# I will never ever forget you nor replace you



## moh07

Thank you kindly for translating this from English to Polish: 
" I will never ever forget you nor replace you " 
Thank you for your continuous help
P.S: From a man to a woman.


----------



## dn88

Hello moh07, here goes my attempt:

Nigdy o Tobie nie zapomnę, ani nie zastąpię Cię żadną inną.

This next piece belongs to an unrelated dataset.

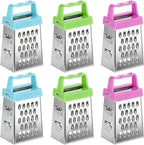 6Pcs Mini Cheese Grater, Stainless Steel Professional Box Grater Efficient Kitchen Small Gadget for Grating Garlic Ginger Vegetable Chocolate Parmesan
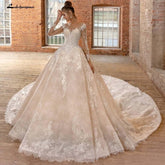 Baoleely V Neck Long Sleeve Two Pieces Lace Wedding Dresses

Others may use different words to express it, that's my interpretation.


----------



## Faycelina

moh07 said:


> I will never ever forget you nor replace you.






dn88 said:


> nie zastąpię Cię żadną inną


This part for me sounds a little bit like you'd treat this woman as an item. I'd prefer version: *Nigdy o Tobie nie zapomnę, nikt nie zajmie Twojego miejsca.*


----------



## slavic_one

...nie powolę twoje miejsce nikomu?


----------



## Faycelina

slavic_one said:


> ...nie powolę twoje miejsce nikomu?



I'd rather say *Nie oddam Twojego miejsca nikomu *or better *Nie pozwolę nikomu zająć Twojego miejsca.*


----------



## majlo

My try: _Nigdy o tobie nie zapomnę i nikt nie zajmie twojego miejsca. _


----------



## Cynthia F

Just out of interest:

Nigdy o Tobie nie zapomnę.
I will never forget you

Is this gender specific?  What I mean is could I use this as it is now, from female to male, or would some of the words end slightly differently?


----------



## Faycelina

Cynthia F said:


> Nigdy o Tobie nie zapomnę.
> I will never forget you



Everything is OK from both genders to both genders 

Sorry for a personal comment but... don't tell me you need this sentence now...


----------



## Cynthia F

Thanks Faycelina!

No I don't need it, I was just curious! It looks like one of the questions I usually ask, so thought I'd ask for future reference!


----------



## Slovianka

It seems safe to follow mailo's suggestion. We may also say: "Nigdy Cię nie zapomnę..."

Never ever = Nigdy w życiu


----------